=== PROVIDED RECORDS ===
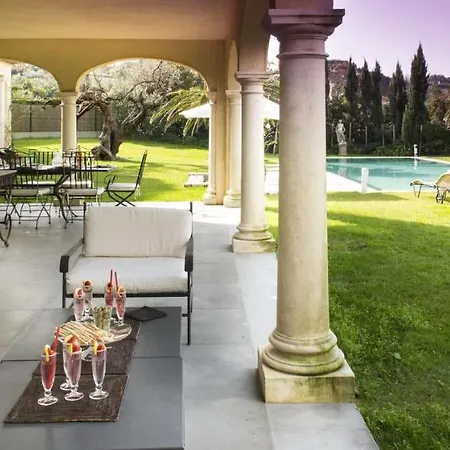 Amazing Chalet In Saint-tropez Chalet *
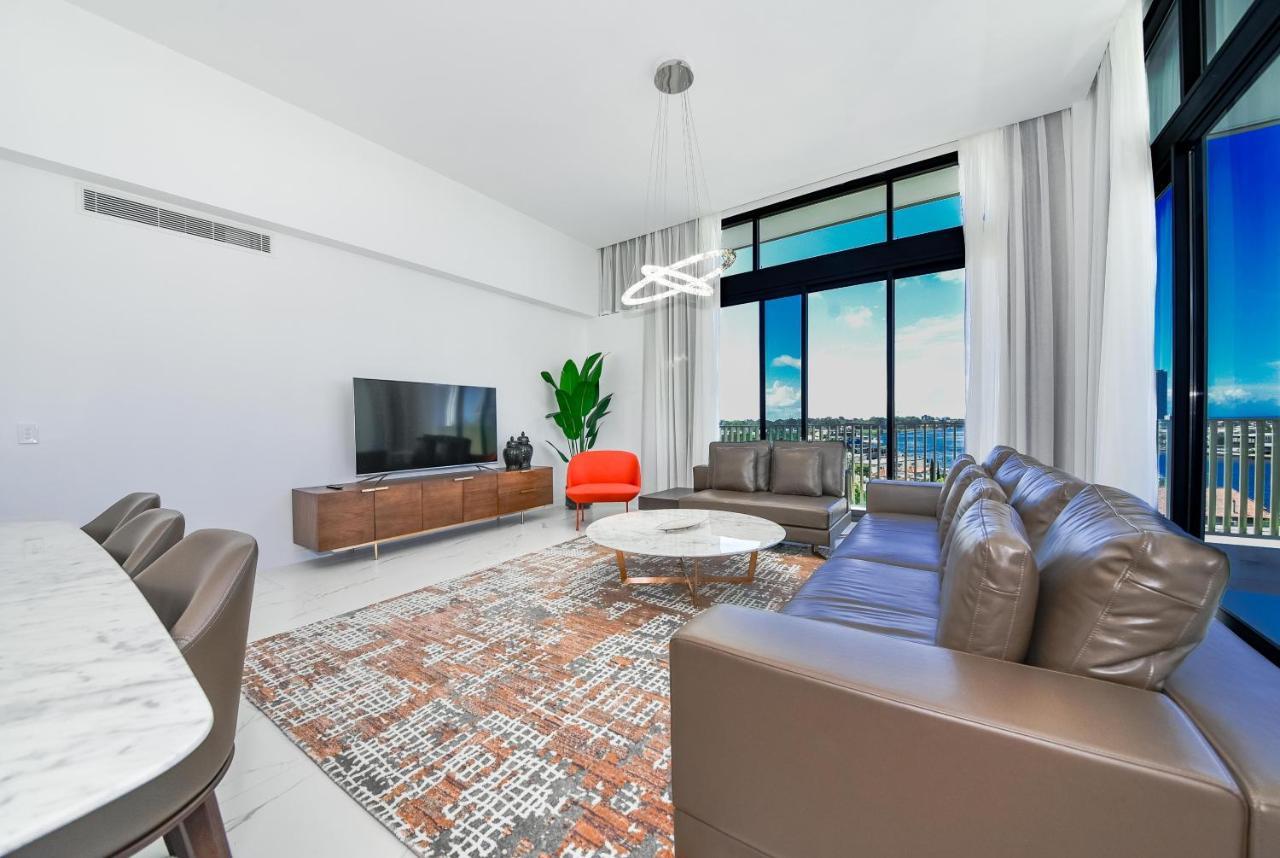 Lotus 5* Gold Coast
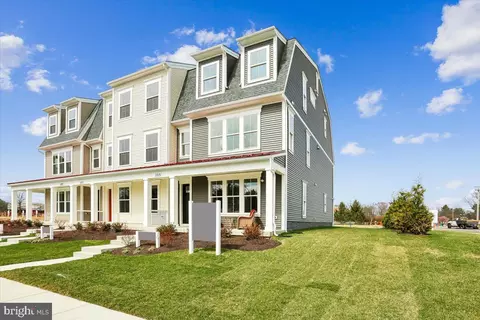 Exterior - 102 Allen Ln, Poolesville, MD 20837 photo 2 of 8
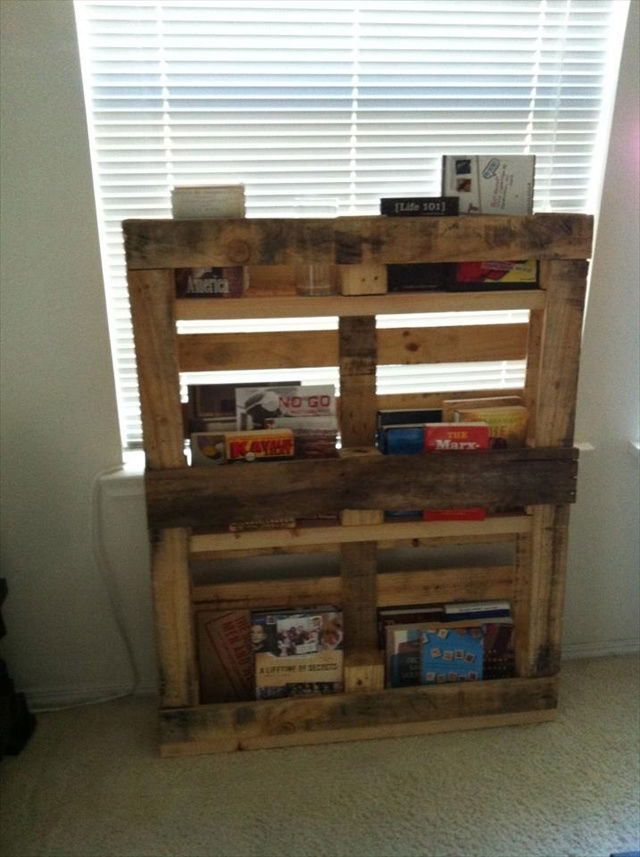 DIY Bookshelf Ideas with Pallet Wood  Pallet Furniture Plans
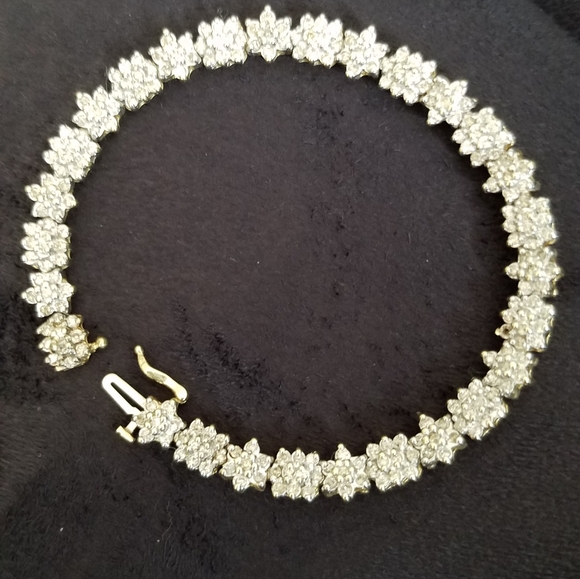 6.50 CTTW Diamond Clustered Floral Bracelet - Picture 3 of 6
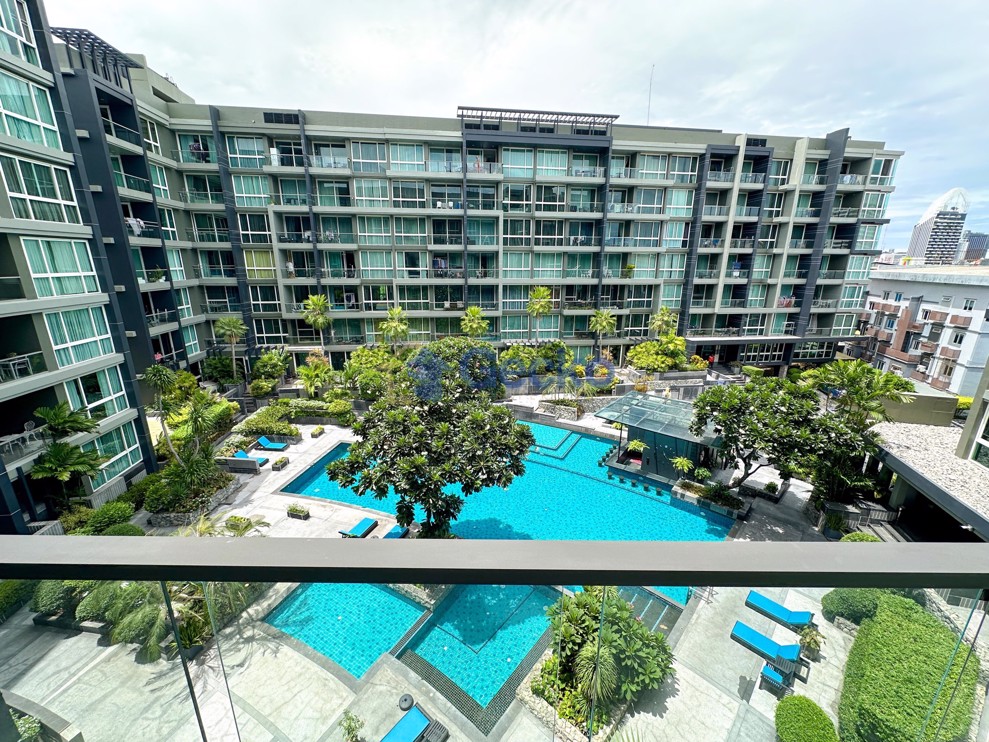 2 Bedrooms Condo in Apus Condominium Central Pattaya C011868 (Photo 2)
===
=== PROVIDED RECORDS ===
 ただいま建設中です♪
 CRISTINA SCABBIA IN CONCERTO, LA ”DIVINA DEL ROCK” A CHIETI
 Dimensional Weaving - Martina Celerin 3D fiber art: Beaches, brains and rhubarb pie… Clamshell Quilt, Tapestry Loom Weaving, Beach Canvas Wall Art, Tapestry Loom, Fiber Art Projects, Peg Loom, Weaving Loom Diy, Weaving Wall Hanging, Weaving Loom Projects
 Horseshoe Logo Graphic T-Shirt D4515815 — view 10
===
EXERCISE DETAILS >> Using the records above, return word for word the lines that begin at the one containing "Amazing Chalet In Saint-tropez Chalet *" and end at the one containing "2 Bedrooms Condo", both of them included and no pictures.

RESULT OF THIS EXERCISE >>
 Amazing Chalet In Saint-tropez Chalet *
 Lotus 5* Gold Coast
 Exterior - 102 Allen Ln, Poolesville, MD 20837 photo 2 of 8
 DIY Bookshelf Ideas with Pallet Wood  Pallet Furniture Plans
 6.50 CTTW Diamond Clustered Floral Bracelet - Picture 3 of 6
 2 Bedrooms Condo in Apus Condominium Central Pattaya C011868 (Photo 2)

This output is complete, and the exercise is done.